Data:
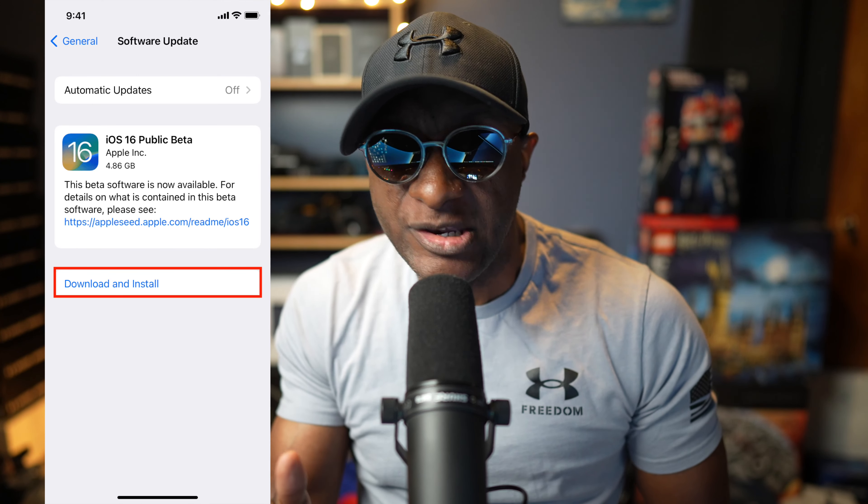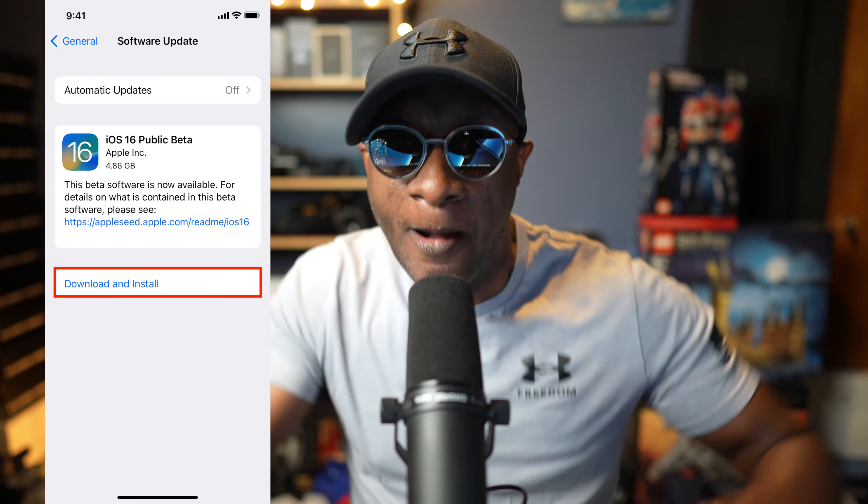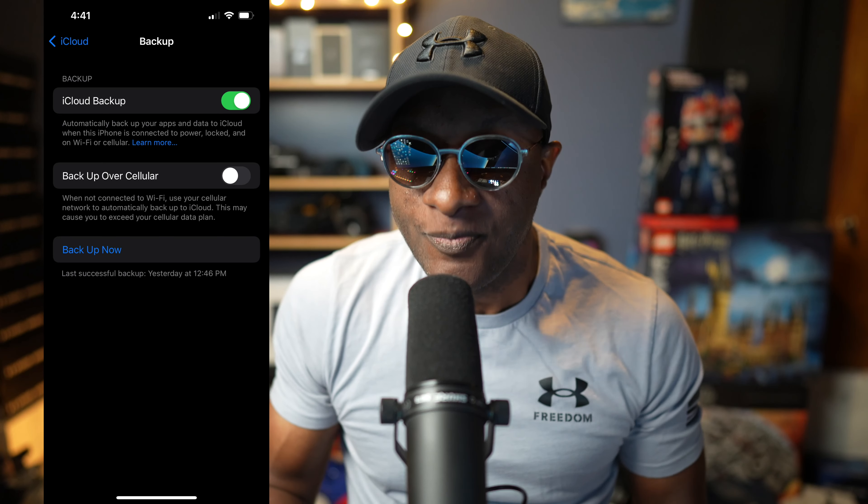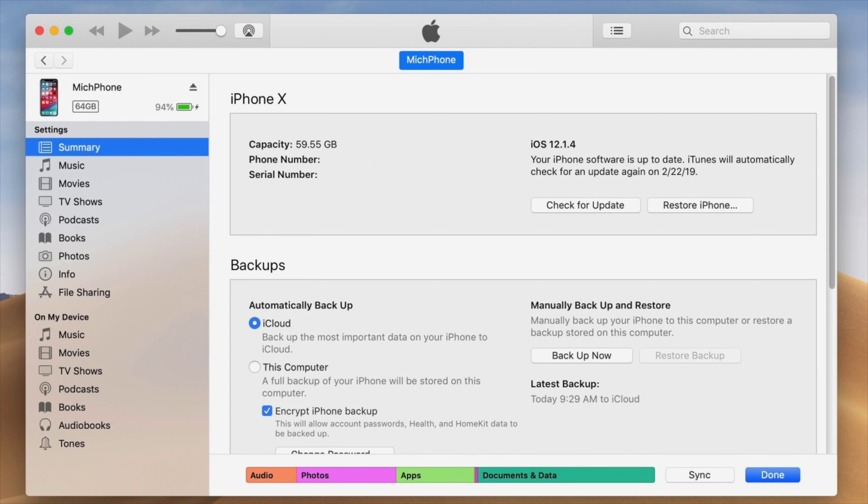You're hot to install that new iOS 16 public beta, but stop — pump the brakes. What you need to do first is make sure you back up your iPhone, whether that be via iCloud or hook it up to your computer and back it up via iTunes. Back your iPhone up, and then, and only then, should you go ahead and install the public beta.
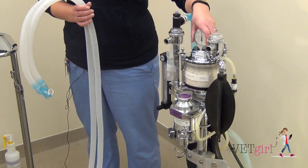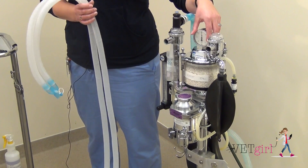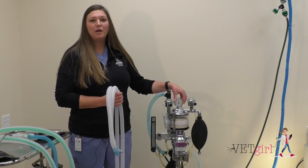Included in this machine — not all machines have this — is a pressure manometer to also identify the inspired pressure that we're giving to our patient manually.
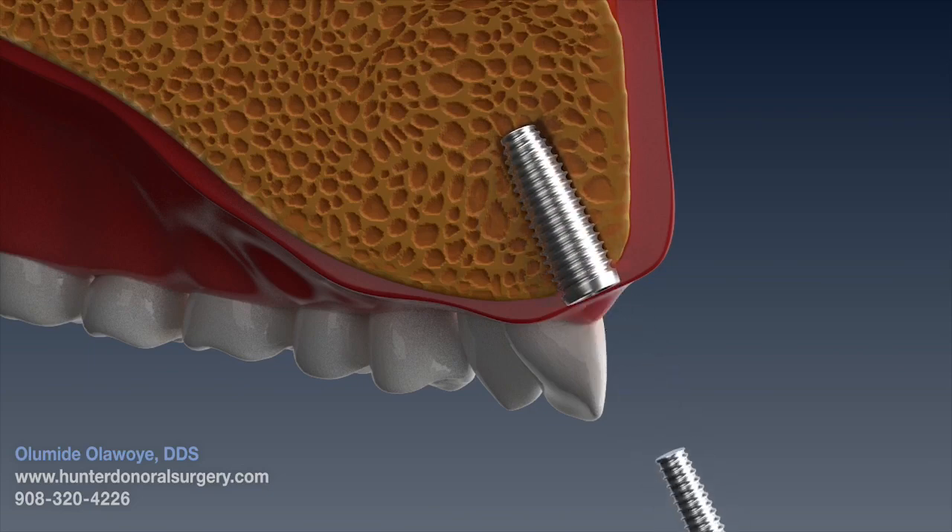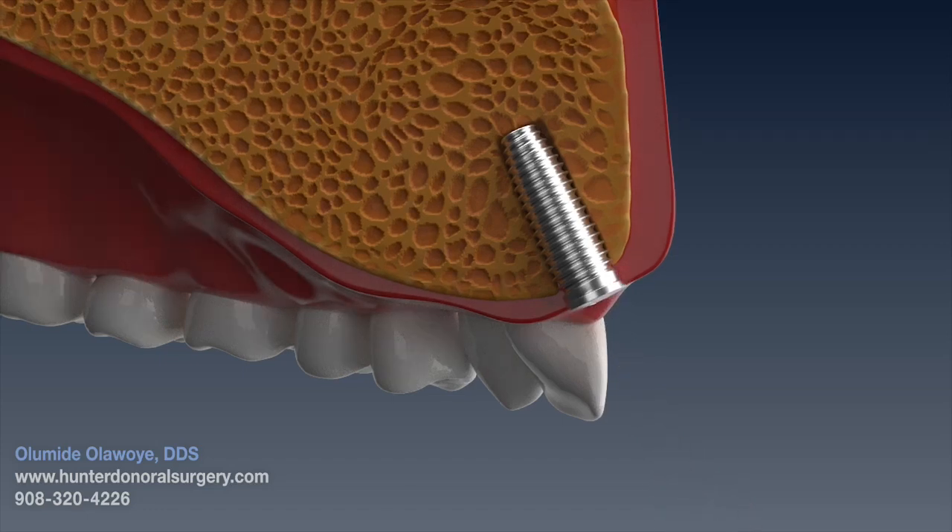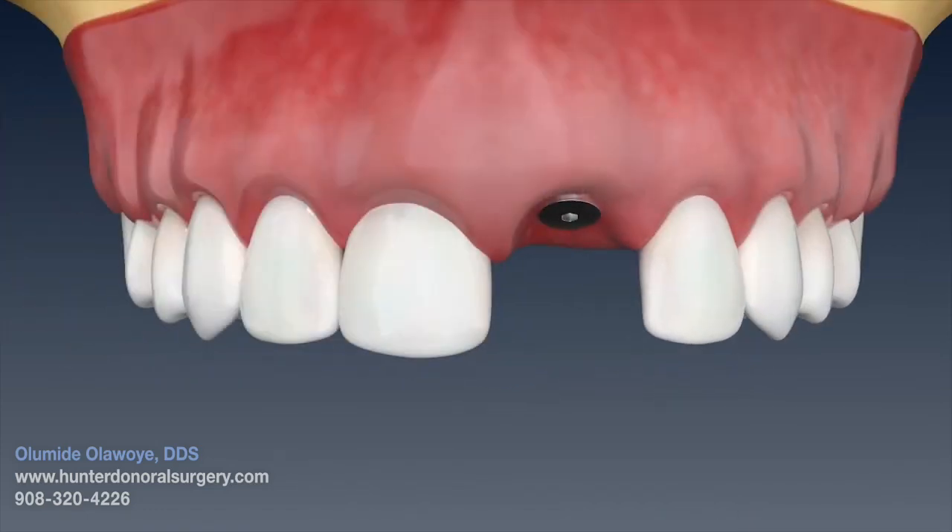Sometimes, in aesthetic areas, a temporary crown may be placed right after the implant is placed.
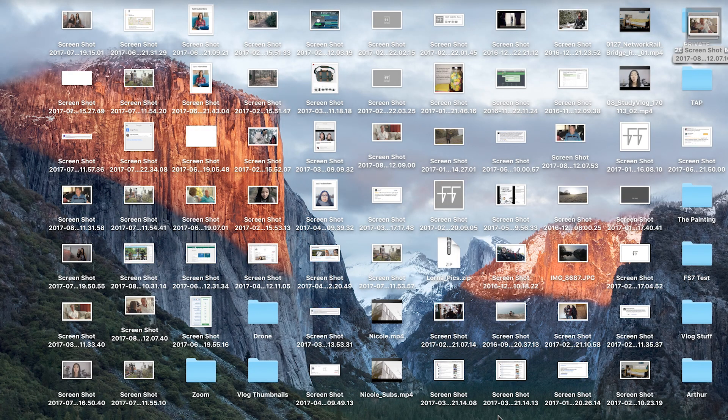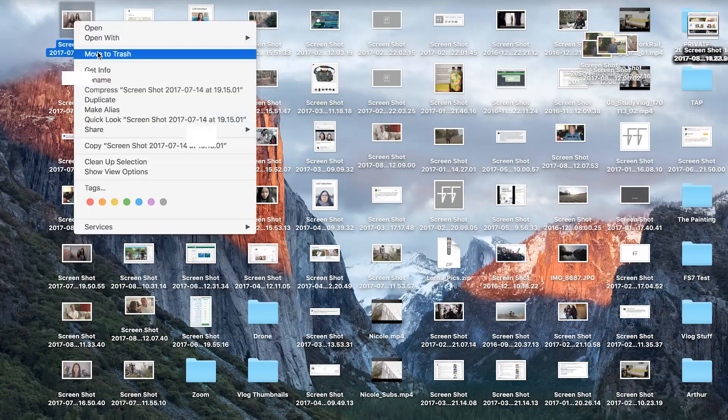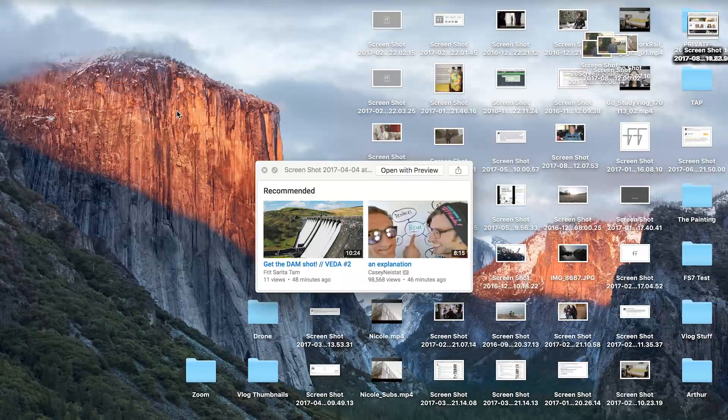Okay so this is my desktop — as you can see it is awful. It's so full of stuff that I have all of these images piled in a corner because there's no space left on my desktop. First things first I'm just going to tidy this up. I saved one screenshot because I thought it was funny — the difference between me and Casey Neistat: when I uploaded my 'get the damn shot' video in 48 minutes I had 11 views, and in 46 minutes he had 98,568 views. Going to delete that now.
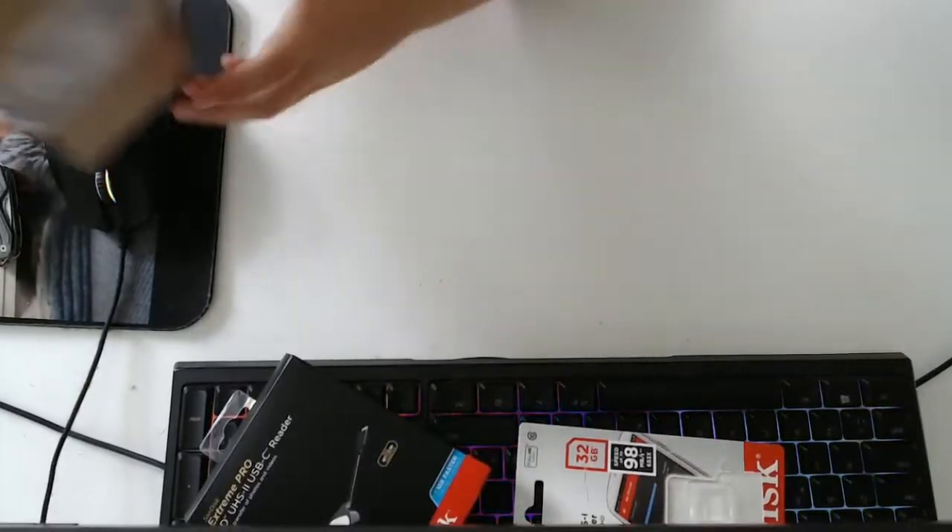Today we have an unboxing video. Here's some of the things I bought. We'll have to blur this out.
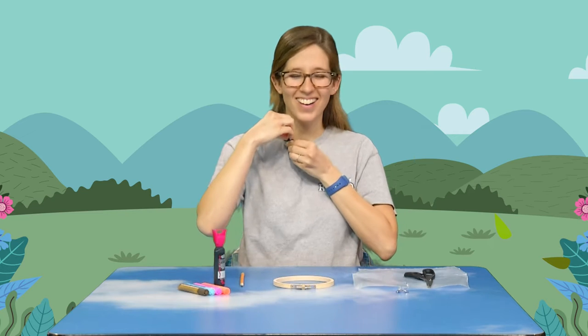Hey guys, welcome back! My name is Shelby and I am here to take you on the craft adventure of the day. Today we are going to be making our very own sun catcher hoops. I'm sure you've made some catchers before, but I hope you haven't made them like this. I've made some with colored lasagna noodles — very fun — and also with tissue paper, but I have never made a sun catcher hoop like we're going to do today.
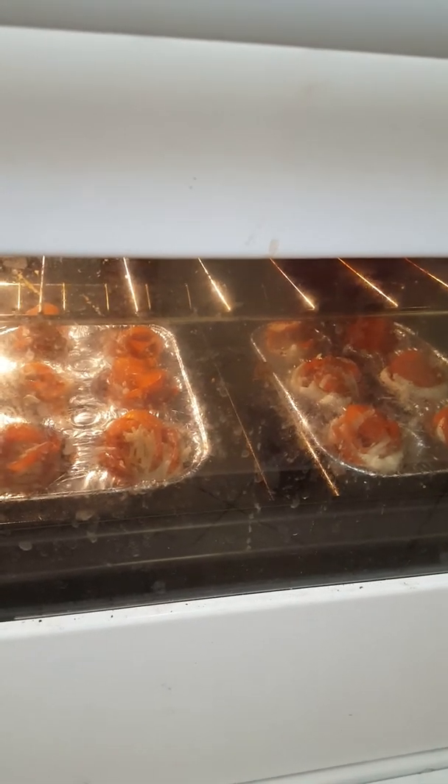Just grab some extra Parmesan and sprinkle it on top. It's easy — now we'll go on to the next. I already finished them all and now it's time to put them in the oven. I wanted them to be small. I'm going to let my helper put this in the oven. They should be ready in about 15 minutes or so.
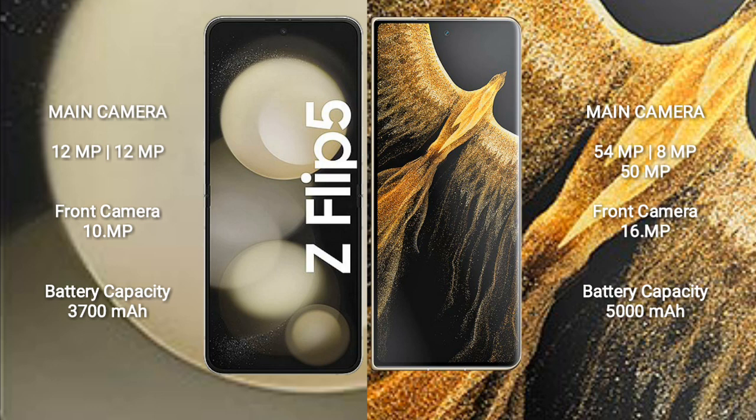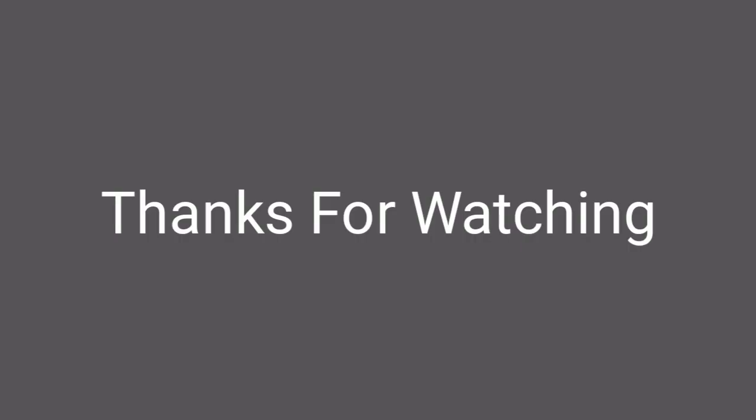The Honor Magic Vs Ultimate has a 16MP front camera. The Samsung Galaxy Z Flip 5 has a 3700mAh battery with 25-watt fast charging support. The Honor Magic Vs Ultimate has a 5000mAh battery with 66-watt fast charging support.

Task goal: Repeat every record above exactly, but drop the pictures.

Problem solution:
You're hot to install that new iOS 16 public beta, but stop — pump the brakes. What you need to do first is make sure you back up your iPhone, whether that be via iCloud or hook it up to your computer and back it up via iTunes. Back your iPhone up, and then, and only then, should you go ahead and install the public beta.
Included in this machine — not all machines have this — is a pressure manometer to also identify the inspired pressure that we're giving to our patient manually.
Sometimes, in aesthetic areas, a temporary crown may be placed right after the implant is placed.
Okay so this is my desktop — as you can see it is awful. It's so full of stuff that I have all of these images piled in a corner because there's no space left on my desktop. First things first I'm just going to tidy this up. I saved one screenshot because I thought it was funny — the difference between me and Casey Neistat: when I uploaded my 'get the damn shot' video in 48 minutes I had 11 views, and in 46 minutes he had 98,568 views. Going to delete that now.
Today we have an unboxing video. Here's some of the things I bought. We'll have to blur this out.
Hey guys, welcome back! My name is Shelby and I am here to take you on the craft adventure of the day. Today we are going to be making our very own sun catcher hoops. I'm sure you've made some catchers before, but I hope you haven't made them like this. I've made some with colored lasagna noodles — very fun — and also with tissue paper, but I have never made a sun catcher hoop like we're going to do today.
Just grab some extra Parmesan and sprinkle it on top. It's easy — now we'll go on to the next. I already finished them all and now it's time to put them in the oven. I wanted them to be small. I'm going to let my helper put this in the oven. They should be ready in about 15 minutes or so.
The Honor Magic Vs Ultimate has a 16MP front camera. The Samsung Galaxy Z Flip 5 has a 3700mAh battery with 25-watt fast charging support. The Honor Magic Vs Ultimate has a 5000mAh battery with 66-watt fast charging support.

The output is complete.